In ruby file item.rb i have code like:
require 'json'
path = File.join(File.dirname(__FILE__), '../data/products.json')
file = File.read(path)
products_hash = JSON.parse(file)
products_hash["items"].each do |brand|
puts "Stock no: #{brand["stock"]}"
end
I got output for stock no individually for each brand wherein I need the stock to be summed for two brand name "LEGO" displayed as one.
Anyone has solution for this?
json = File.open(path,'r:utf-8',&:read) # in case the JSON uses UTF-8
items = JSON.parse(json)['items']
stock_by_brand = items
.group_by{ |h| h['brand'] }
.map do |brand,array|
[ brand,
array
.map{ |item| item['stock'] }
.inject(:+) ]
end
.to_h
#=> {"LEGO"=>60, "Nano Blocks"=>12}
It works like this:
Enumerable#group_by takes the array of items and creates a hash mapping the brand name to an array of all item hashes with that brand
Enumerable#map turns each brand/array pair in that hash into an array of the brand (unchanged) followed by:
Enumerable#map on the array of items picks out just the "stock" counts, and then
Enumerable#inject sums them all together
Array#to_h then turns that array of two-value arrays into a hash, mapping the brand to the sum of stock values.

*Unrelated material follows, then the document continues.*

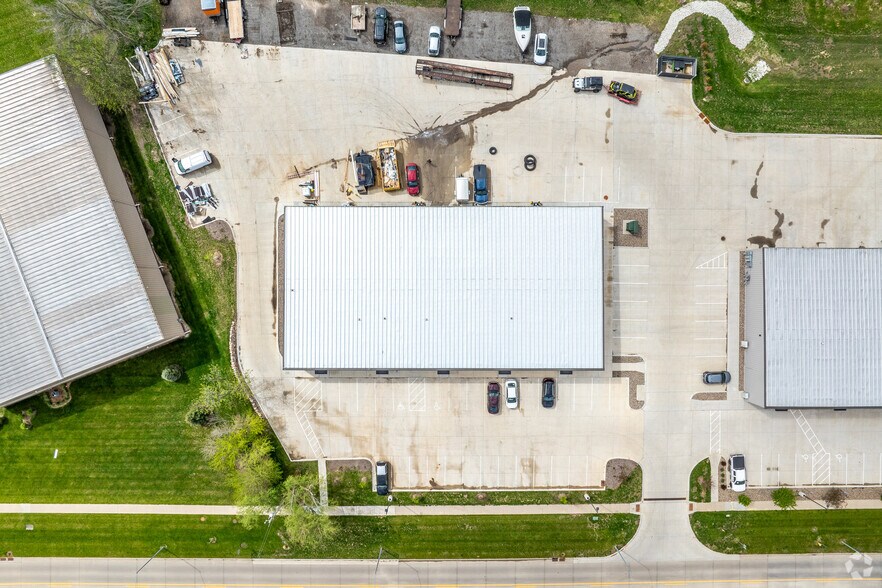 More Photos Of 5820 NW Beaver Dr, Johnston Flex For Lease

If you want simpler code that's less functional and possibly easier to understand:
stock_by_brand = {} # an empty hash
items.each do |item|
stock_by_brand[ item['brand'] ] ||= 0 # initialize to zero if unset
stock_by_brand[ item['brand'] ] += item['stock']
end
p stock_by_brand #=> {"LEGO"=>60, "Nano Blocks"=>12}
To see what your JSON string looks like, let's create it from your hash, which I've denoted h:
require 'json'
j = JSON.generate(h)
#=> "{\"items\":[{\"brand\":\"LEGO\",\"stock\":55,\"full-price\":\"22.99\"},{\"brand\":\"Nano Blocks\",\"stock\":12,\"full-price\":\"49.99\"},{\"brand\":\"LEGO\",\"stock\":5,\"full-price\":\"199.99\"}]}"
After reading that from a file, into the variable j, we can now parse it to obtain the value of "items":
arr = JSON.parse(j)["items"]
#=> [{"brand"=>"LEGO", "stock"=>55, "full-price"=>"22.99"},
# {"brand"=>"Nano Blocks", "stock"=>12, "full-price"=>"49.99"},
# {"brand"=>"LEGO", "stock"=>5, "full-price"=>"199.99"}]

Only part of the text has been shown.